### EXERCISE BRIEF
The reply should contain every entry below exactly as written, with no images.

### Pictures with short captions
====

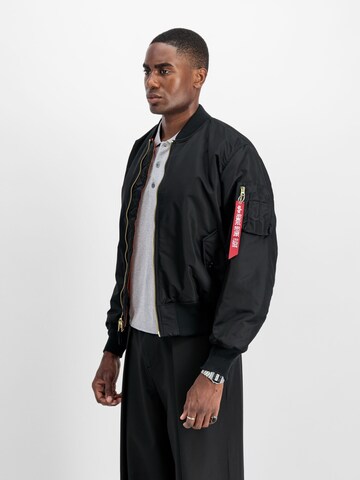 ALPHA INDUSTRIES Between-Season Jacket 'MA-1 Heritage' in Black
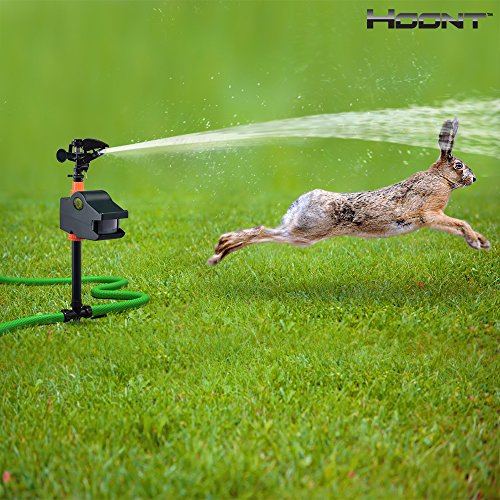 Hoont Powerful Outdoor Water Blaster Animal Pest Repeller Motion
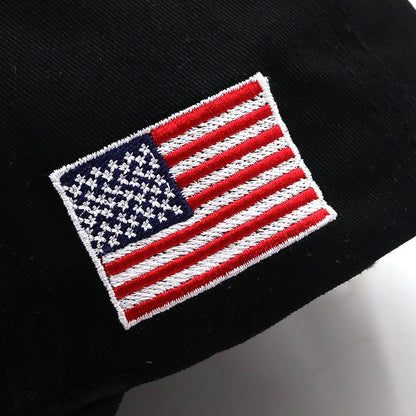 Letter USA Embroidery Baseball Cap Couple Outdoor - Urban Caps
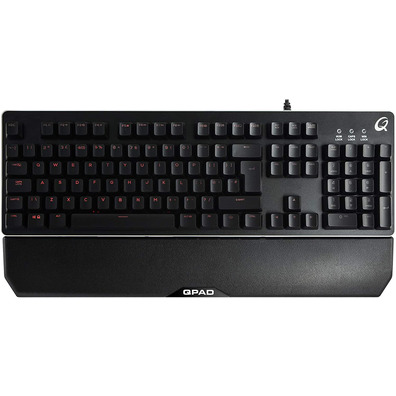 Teclado Gaming QPAD MK40 Membrana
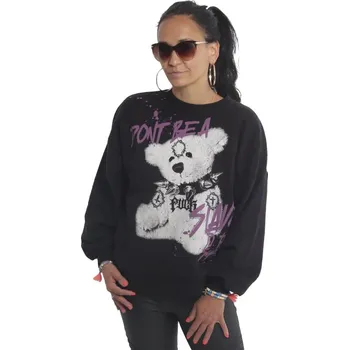 Dámská mikina Dámská mikina Yakuza 23109 black velikost: XL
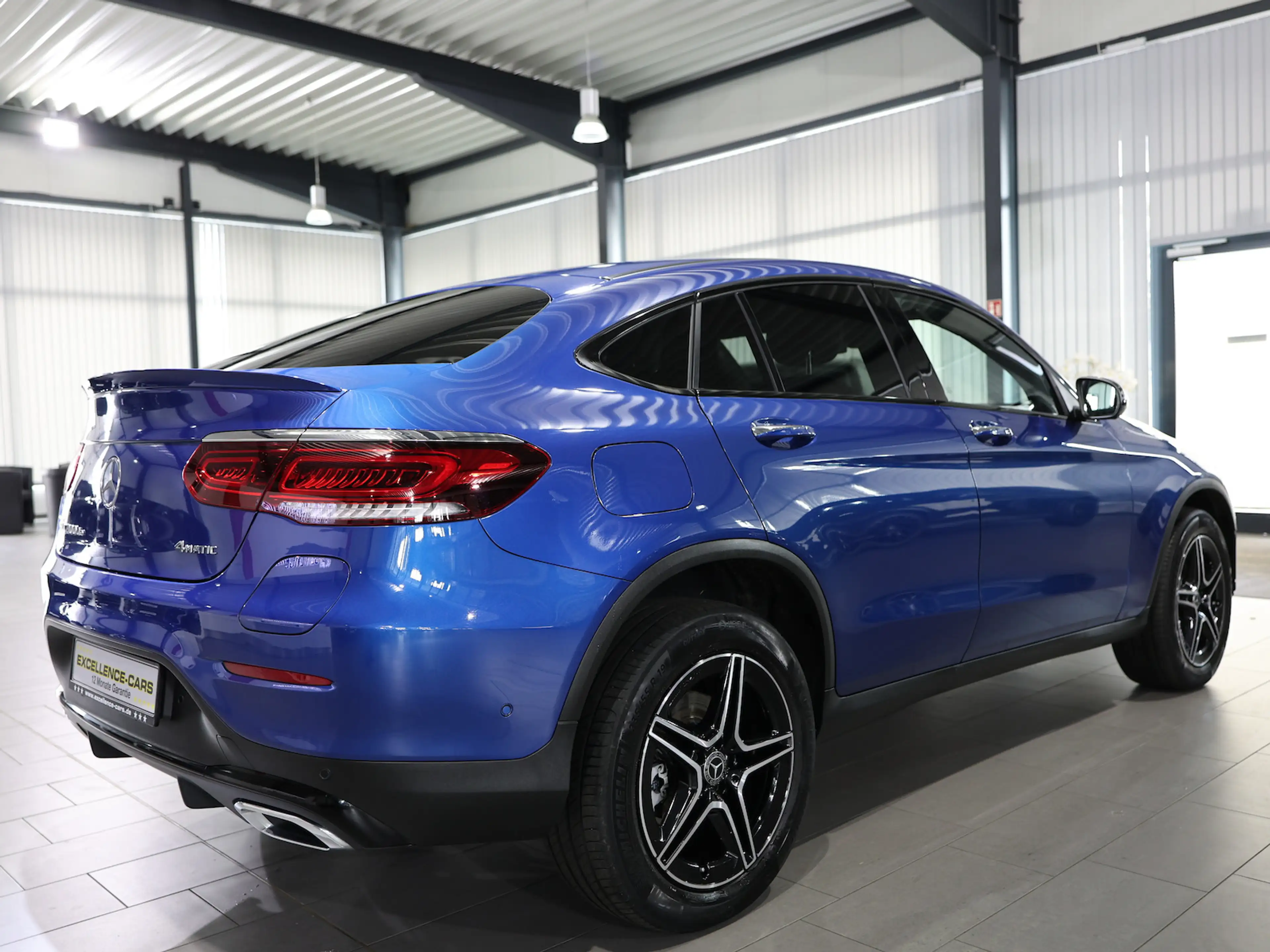 Mercedes-Benz GLC 300 de COUPE 4M EQ AMG-LINE / SCHIEBEDACH / — photo 10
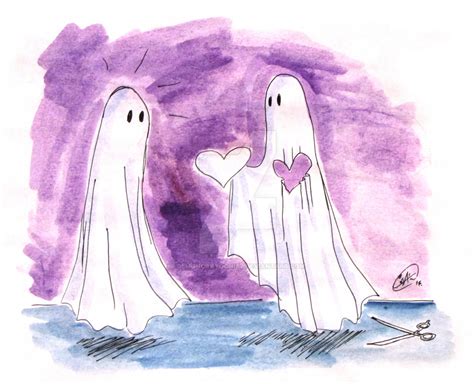 Ghost Love By Demoncartoonist On Deviantart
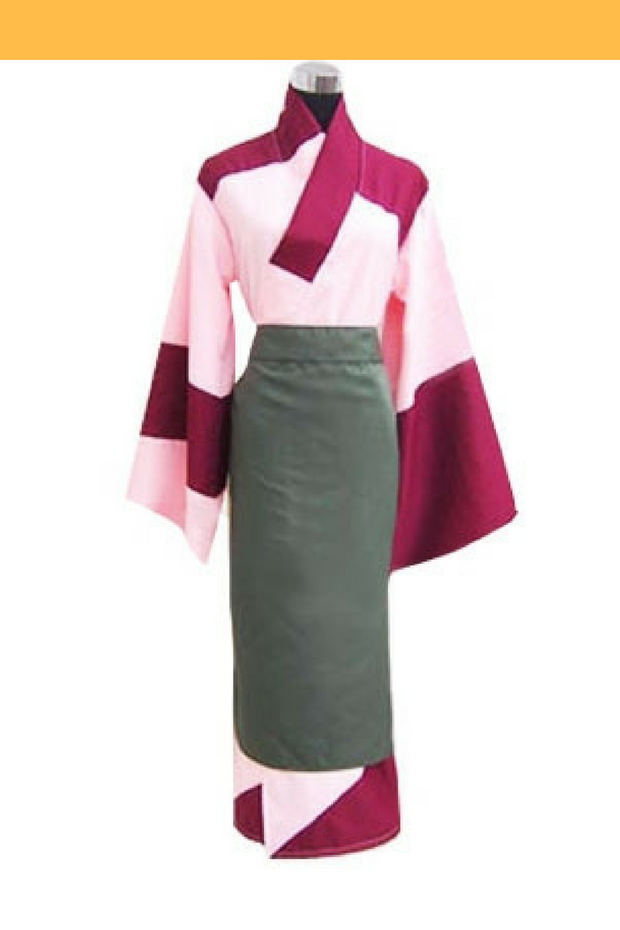 Cosrea F-J Inuyasha Sango Cosplay Costume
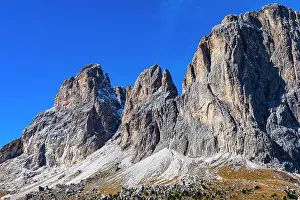 Selva: Peak of the Puez Group, near Selva Gardena, Val
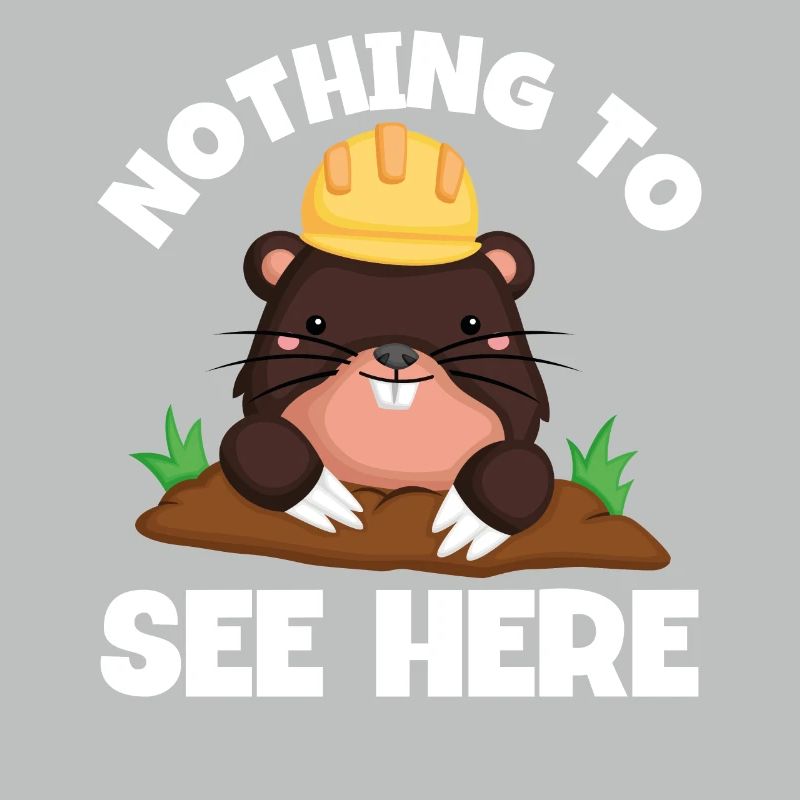 Mole nothing to see here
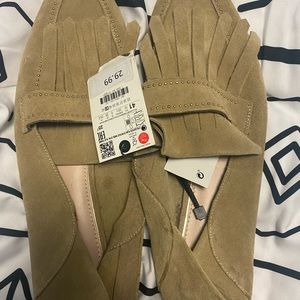 Zara loafers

====

### TASK RESPONSE
 ALPHA INDUSTRIES Between-Season Jacket 'MA-1 Heritage' in Black
 Hoont Powerful Outdoor Water Blaster Animal Pest Repeller Motion
 Letter USA Embroidery Baseball Cap Couple Outdoor - Urban Caps
 Teclado Gaming QPAD MK40 Membrana
 Dámská mikina Dámská mikina Yakuza 23109 black velikost: XL
 Mercedes-Benz GLC 300 de COUPE 4M EQ AMG-LINE / SCHIEBEDACH / — photo 10
 Ghost Love By Demoncartoonist On Deviantart
 Cosrea F-J Inuyasha Sango Cosplay Costume
 Selva: Peak of the Puez Group, near Selva Gardena, Val
 Mole nothing to see here
 Zara loafers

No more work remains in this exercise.